Some Straight Talk here. If talk radio fell mute this minute, McCain’s problem would still exist.
A case in point appeared the very next day at CPAC itself. Floating around the hotel the day after Levin’s latest scorching was the new issue of the National Journal, a decidedly mainstream media publication that is most assuredly not a journal of conservatism. The cover article featured a story about McCain by Kirk Victor, the Journal’s longtime Senate reporter. Victor’s story was titled “The Right Stuff?” Notice the question mark. In the quiet language of traditional Capitol Hill print journalism, Victor was saying almost exactly what Levin was saying in his more flamboyant, talk radio fashion. It pointedly referred to McCain’s “put-up-your-dukes” demeanor, and even more troubling for McCain’s relationship with conservatives, produced a chart tracking the Arizonan’s conservative ranking in the Senate since his arrival in 1987.
According to Victor’s story, McCain’s best year as a conservative came in 1994, when he was ranked the 8th most conservative among all Senators.
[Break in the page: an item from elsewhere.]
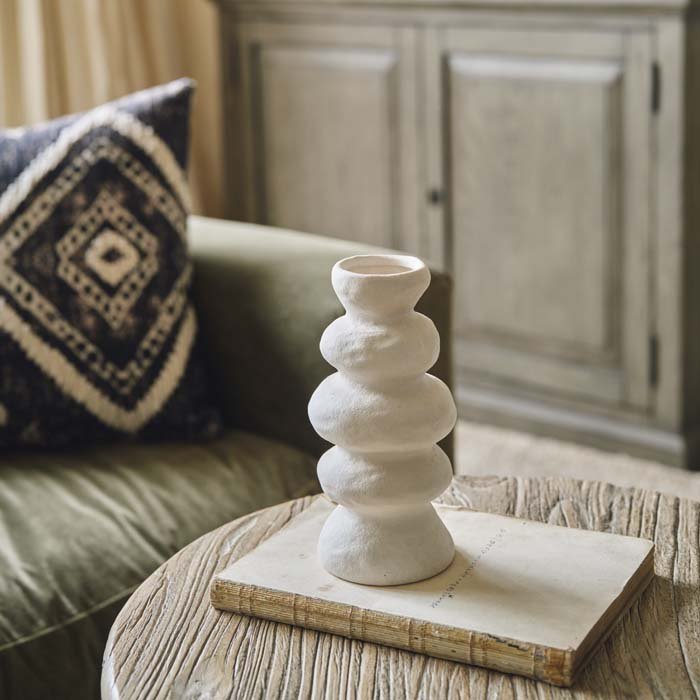 Tall cream vase in a wavy shape with a narrow neck. Can be styled with faux flowers and dried grasses for a natural look in your home.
By 2004, he had fallen to 49th, with rankings of 45 and 46 respectively for 2005 and 2006. No ranking was available for 2007. The 2004 ranking, Victor says, tied McCain with the GOP’s famously liberal Arlen Specter of Pennsylvania, with only two liberal Republicans further to the left, Maine’s Olympia Snowe and Rhode Island’s Lincoln Chafee. Chafee, of course, faced a primary challenge from a conservative in 2006 and then lost to a Democrat in the fall. He has now announced that he is leaving the Republican Party.
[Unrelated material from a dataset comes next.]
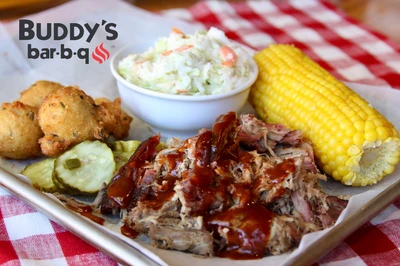 Buddy's BBQ pork dinner with slaw, corn on the cob, hushpuppies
Conservatives across America clearly have some sort of sense of McCain that corresponds with the essence of Victor’s story, even if they have not seen it — and with the Internet being what it is doubtless it is already everywhere. In other words, the problem for McCain is not talk radio hosts anymore than it is mainstream reporters covering the Senate. The problem is McCain’s record.
HOW DOES HE MOVE FORWARD at this point? Putting a halt to surrogates attacking conservatives would surely be a start. Former UN Ambassador John Bolton, no shrinking conservative violet, spoke to the CPAC audience the day after McCain. He outlined his past differences with McCain, then simply said the country was at war, related McCain’s support of his UN nomination, and endorsed McCain as the best candidate to be commander-in-chief. He said not a negative word criticizing his fellow conservatives. Zero.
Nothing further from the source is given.